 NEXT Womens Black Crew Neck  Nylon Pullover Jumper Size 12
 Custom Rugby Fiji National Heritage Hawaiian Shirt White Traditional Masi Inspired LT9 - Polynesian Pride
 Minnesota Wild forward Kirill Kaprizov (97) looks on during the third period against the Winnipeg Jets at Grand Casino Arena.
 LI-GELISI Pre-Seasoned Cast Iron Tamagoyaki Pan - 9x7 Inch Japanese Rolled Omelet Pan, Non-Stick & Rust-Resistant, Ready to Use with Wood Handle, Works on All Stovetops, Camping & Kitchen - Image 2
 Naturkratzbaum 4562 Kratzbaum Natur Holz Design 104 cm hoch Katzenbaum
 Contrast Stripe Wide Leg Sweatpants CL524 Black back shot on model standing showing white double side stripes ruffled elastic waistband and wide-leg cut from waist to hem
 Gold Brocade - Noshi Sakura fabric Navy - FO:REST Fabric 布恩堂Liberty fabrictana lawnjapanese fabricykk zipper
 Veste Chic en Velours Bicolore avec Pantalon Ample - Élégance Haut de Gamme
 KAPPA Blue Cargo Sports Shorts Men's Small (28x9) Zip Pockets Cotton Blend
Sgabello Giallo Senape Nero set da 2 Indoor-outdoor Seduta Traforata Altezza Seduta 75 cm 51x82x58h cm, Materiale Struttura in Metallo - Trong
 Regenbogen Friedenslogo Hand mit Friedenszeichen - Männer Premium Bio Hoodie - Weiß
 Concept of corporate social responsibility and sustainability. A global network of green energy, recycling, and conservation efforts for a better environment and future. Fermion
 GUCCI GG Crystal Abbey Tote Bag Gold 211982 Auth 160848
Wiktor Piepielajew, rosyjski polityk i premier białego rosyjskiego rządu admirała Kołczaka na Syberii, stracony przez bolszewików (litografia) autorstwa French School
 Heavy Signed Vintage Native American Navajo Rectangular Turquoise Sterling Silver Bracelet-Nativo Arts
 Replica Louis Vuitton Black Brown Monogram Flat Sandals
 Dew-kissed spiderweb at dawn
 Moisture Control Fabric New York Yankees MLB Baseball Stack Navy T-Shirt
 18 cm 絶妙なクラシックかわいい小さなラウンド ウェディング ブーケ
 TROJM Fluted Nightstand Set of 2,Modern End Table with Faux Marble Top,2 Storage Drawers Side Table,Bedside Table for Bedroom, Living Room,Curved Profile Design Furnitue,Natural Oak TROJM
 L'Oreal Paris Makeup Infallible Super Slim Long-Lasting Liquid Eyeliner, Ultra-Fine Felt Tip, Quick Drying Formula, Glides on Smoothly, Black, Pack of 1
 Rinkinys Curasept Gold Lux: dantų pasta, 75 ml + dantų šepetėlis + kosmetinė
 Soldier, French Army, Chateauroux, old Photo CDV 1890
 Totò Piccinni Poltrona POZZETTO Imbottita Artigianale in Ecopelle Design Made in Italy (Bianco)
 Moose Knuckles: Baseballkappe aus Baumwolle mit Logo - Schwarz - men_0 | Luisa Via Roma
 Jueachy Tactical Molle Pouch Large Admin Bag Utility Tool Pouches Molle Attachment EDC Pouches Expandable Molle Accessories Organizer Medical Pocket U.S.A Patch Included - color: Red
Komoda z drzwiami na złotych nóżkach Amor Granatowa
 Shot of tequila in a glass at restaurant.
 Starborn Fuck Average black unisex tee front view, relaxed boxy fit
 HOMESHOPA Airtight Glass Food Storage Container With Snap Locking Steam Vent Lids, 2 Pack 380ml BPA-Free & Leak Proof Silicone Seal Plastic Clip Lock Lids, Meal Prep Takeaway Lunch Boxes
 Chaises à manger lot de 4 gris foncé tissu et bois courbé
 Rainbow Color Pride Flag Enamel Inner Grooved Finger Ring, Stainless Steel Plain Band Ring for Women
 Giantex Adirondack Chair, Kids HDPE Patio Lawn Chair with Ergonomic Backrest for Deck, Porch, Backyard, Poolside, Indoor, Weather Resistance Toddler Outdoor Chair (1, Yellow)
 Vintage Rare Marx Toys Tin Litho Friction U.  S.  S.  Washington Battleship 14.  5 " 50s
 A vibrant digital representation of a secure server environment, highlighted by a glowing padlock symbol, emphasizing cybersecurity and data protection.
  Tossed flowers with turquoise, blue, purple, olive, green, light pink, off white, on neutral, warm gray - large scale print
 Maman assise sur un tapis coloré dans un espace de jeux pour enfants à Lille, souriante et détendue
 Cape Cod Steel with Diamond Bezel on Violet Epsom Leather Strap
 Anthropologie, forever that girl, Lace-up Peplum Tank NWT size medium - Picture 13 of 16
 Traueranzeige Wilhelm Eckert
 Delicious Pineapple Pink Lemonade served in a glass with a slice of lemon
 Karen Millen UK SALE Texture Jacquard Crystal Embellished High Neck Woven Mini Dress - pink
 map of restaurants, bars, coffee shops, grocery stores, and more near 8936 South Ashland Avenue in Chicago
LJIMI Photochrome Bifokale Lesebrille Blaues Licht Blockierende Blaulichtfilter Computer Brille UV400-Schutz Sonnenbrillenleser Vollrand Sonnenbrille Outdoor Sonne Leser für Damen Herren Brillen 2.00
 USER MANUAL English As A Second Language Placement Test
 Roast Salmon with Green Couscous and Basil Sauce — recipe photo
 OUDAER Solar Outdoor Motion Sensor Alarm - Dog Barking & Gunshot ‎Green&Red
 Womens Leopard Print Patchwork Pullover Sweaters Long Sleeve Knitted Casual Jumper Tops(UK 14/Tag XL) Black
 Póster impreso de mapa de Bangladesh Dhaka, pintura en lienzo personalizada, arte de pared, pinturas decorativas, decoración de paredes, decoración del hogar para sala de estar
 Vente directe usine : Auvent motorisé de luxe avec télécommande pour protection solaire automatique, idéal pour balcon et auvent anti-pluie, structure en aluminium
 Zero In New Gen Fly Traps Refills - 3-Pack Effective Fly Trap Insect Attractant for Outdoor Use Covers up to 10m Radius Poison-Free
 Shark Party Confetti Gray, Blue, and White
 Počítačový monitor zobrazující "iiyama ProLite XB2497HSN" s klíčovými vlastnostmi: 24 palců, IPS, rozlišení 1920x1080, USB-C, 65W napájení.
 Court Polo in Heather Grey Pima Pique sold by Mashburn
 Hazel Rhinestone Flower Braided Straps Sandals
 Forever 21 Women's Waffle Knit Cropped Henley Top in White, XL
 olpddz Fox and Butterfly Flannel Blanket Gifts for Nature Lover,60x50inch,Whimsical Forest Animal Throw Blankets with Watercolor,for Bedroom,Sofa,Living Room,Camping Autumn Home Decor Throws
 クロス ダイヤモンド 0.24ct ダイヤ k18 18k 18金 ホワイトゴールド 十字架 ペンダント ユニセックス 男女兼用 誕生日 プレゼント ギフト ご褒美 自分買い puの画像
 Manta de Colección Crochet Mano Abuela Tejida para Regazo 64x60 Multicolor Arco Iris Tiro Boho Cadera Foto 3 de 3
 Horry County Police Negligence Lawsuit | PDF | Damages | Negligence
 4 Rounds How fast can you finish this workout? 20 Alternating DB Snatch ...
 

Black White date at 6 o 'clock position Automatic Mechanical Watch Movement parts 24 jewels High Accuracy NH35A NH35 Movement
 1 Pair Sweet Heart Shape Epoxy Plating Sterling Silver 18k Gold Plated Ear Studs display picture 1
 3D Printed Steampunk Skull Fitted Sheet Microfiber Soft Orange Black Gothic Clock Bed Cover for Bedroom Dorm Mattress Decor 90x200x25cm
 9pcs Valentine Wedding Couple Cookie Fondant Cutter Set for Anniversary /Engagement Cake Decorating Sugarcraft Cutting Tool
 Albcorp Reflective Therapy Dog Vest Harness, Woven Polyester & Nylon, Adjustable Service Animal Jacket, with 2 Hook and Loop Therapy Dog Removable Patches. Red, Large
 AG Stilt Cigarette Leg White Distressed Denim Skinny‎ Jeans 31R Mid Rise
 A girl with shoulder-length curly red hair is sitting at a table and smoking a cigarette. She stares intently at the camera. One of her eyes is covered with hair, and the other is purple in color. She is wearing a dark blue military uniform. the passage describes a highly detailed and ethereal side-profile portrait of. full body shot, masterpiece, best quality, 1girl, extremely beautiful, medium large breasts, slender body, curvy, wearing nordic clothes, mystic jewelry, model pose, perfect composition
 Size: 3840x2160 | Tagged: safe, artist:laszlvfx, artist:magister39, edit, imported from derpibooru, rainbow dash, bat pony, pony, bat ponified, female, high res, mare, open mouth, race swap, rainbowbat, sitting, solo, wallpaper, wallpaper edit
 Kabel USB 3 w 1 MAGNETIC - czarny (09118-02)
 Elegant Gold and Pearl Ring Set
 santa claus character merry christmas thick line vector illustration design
------------------------
_Your objective_. Up to and including the line with "GUCCI GG Crystal", output each line of the entries above exactly, starting from the first.

_Answer area_.
 NEXT Womens Black Crew Neck  Nylon Pullover Jumper Size 12
 Custom Rugby Fiji National Heritage Hawaiian Shirt White Traditional Masi Inspired LT9 - Polynesian Pride
 Minnesota Wild forward Kirill Kaprizov (97) looks on during the third period against the Winnipeg Jets at Grand Casino Arena.
 LI-GELISI Pre-Seasoned Cast Iron Tamagoyaki Pan - 9x7 Inch Japanese Rolled Omelet Pan, Non-Stick & Rust-Resistant, Ready to Use with Wood Handle, Works on All Stovetops, Camping & Kitchen - Image 2
 Naturkratzbaum 4562 Kratzbaum Natur Holz Design 104 cm hoch Katzenbaum
 Contrast Stripe Wide Leg Sweatpants CL524 Black back shot on model standing showing white double side stripes ruffled elastic waistband and wide-leg cut from waist to hem
 Gold Brocade - Noshi Sakura fabric Navy - FO:REST Fabric 布恩堂Liberty fabrictana lawnjapanese fabricykk zipper
 Veste Chic en Velours Bicolore avec Pantalon Ample - Élégance Haut de Gamme
 KAPPA Blue Cargo Sports Shorts Men's Small (28x9) Zip Pockets Cotton Blend
Sgabello Giallo Senape Nero set da 2 Indoor-outdoor Seduta Traforata Altezza Seduta 75 cm 51x82x58h cm, Materiale Struttura in Metallo - Trong
 Regenbogen Friedenslogo Hand mit Friedenszeichen - Männer Premium Bio Hoodie - Weiß
 Concept of corporate social responsibility and sustainability. A global network of green energy, recycling, and conservation efforts for a better environment and future. Fermion
 GUCCI GG Crystal Abbey Tote Bag Gold 211982 Auth 160848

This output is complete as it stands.